Rural areas generally do not have strong ties to the high-tech economy now leading much of metro growth. This remains a largely suburban phenomenon, urban only if you allow core cities to include their hinterlands. All the nation’s strongest tech clusters — Silicon Valley, Route 128, Austin, north Dallas, Redmond/Bellevue in Washington, Raleigh-Durham — are primarily suburban in form. High tech tends to nurture a consciousness among conservatives more libertarian than socially conservative and populist. Not surprisingly, libertarian Ron Paul often does best in these areas and among younger Republican voters.
Another key difference: a lack of ethnic diversity. There are now many Hispanics living in rural areas, but they are largely not citizens and most are recent arrivals, attracted by jobs in the oil fields, slaughterhouses and farms. Many small towns, unlike suburbs, remain more homogeneous than suburbs, emerging as the most heterogeneous of all American geographies. Ethnic cultural cross-pollination occurs regularly in metropolitan suburbs; this is not so common in rural America.

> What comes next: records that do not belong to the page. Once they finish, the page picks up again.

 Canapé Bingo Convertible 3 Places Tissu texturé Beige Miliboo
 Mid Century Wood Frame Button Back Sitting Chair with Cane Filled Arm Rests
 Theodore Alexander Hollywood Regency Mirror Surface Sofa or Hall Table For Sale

Equally important, environmental issues spin differently in rural areas than in suburbs. Energy development and agriculture drive many rural economies. In some areas, like Ohio and western Pennsylvania, shale oil and gas is bringing long moribund regions back to life. In the Dakotas, parts of Louisiana, Texas and Wyoming, it is ushering in a potentially long-term boom. In contrast, there aren’t many oil and gas wells located next to malls and big housing tracks.
This does not mean that suburban voters share the anti-fossil fuel green faith of the urban core. But for them “drill baby drill” represents more a matter of price at the pump than a life and death issue for the local economy. Suburbanites feel the energy issue, but do not live it the way more rural communities do. One of the great ironies of American life is that those who live closest to nature are often less ideologically “green” than those, particularly urbanites, residing in an environment of concrete, glass and steel.

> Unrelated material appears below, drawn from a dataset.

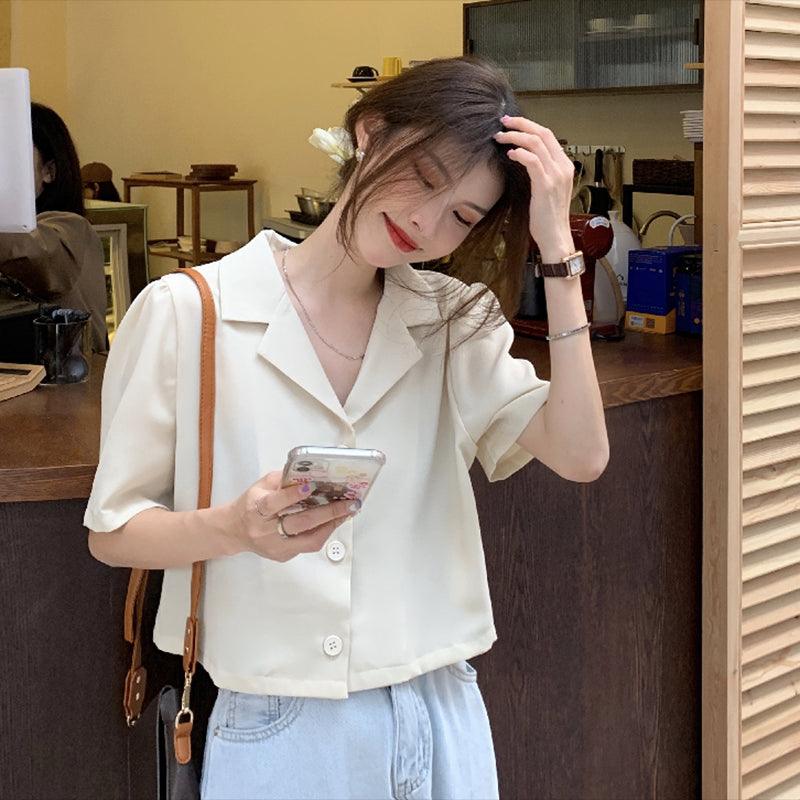 Collar Short-sleeved Shirt - WOMONA.COM
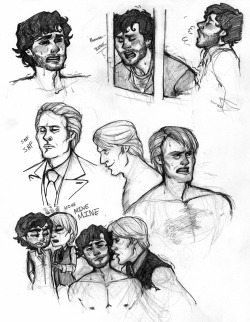Hannigram doodles from the a/b/o &lsquo;verse from the Caged fic. And yes, there&rsquo;s eventually going to be more chapters written for it. *shifty eyes* Will is a sneaky little mongoose.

Rural America, of course, is changing, with many areas, particularly in the Plains, getting richer and better educated. These areas are growing faster than the national average and attracting immigrants from abroad and people from other U.S. regions. Yet the influence of newcomers, new wealth and new technology is still nascent. The political pace in rural America today still is being set by an aging, overwhelmingly white and modestly educated demographic.
Until the Republican nomination fight is settled, the party’s pandering to the sensibilities of such conservatives in rural areas could prove fatal to its long-term prospects. A Santorum nomination almost guarantees a replay of the Bryan phenomena; no matter how many times he runs, he will prove unlikely to win, even against a vulnerable opponent. Even in losing, his preachy, divisive tone — on contraception, prayer, the separation of church and state — has opened a gap among suburban voters that Obama will no doubt exploit.

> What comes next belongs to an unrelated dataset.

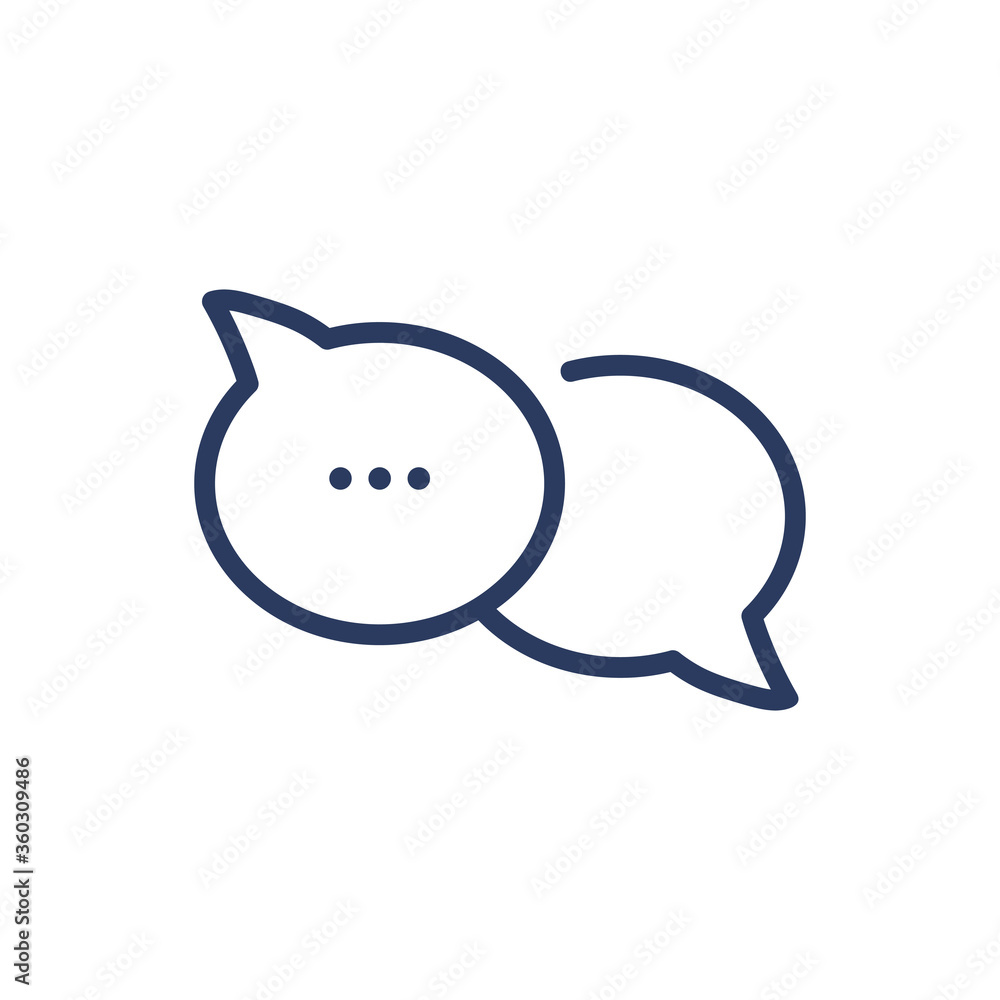 Poster chat bubbles thin line icon. online discussion, dialogue, message isolated outline sign. communicati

The suburbs, with its preponderance of white, middle income independent voters, gave the 2008 election to Obama, and that’s where the next contest will be decided. The countryside will rally to a GOP standard bearer like Romney, albeit somewhat reluctantly, for both economic and social reasons. The battle will then shift to the suburbs, including those urban areas, common in the vast cities of the South and West, that are predominately suburban in form.
Most of the urban core, meanwhile, will vote lockstep for Obama. But the president, as thoroughly a creature of urban tastes and prejudice as to ever sit in the White House, could prove vulnerable in the suburbs, if the Republicans can deliver a message that is palatable to that geography’s denizens.
This piece originally appeared in Forbes.com.
Joel Kotkin is executive editor of NewGeography.com and is a distinguished presidential fellow in urban futures at Chapman University, and contributing editor to the City Journal in New York. He is author of The City: A Global History. His newest book is The Next Hundred Million: America in 2050, released in February, 2010.
Rick Santorum Image by Bigstockphoto.com.
Overplayed opinion
Joel,
I'm usually an avid reader of your blog, but on this issue you are displaying entirely too much personal opinion. I grew up in a small town in the midwest before going to college and getting a masters at UCLA and then living in various cities including Seattle and NYC. So i've seen and lived all sides of the cultural spectrum.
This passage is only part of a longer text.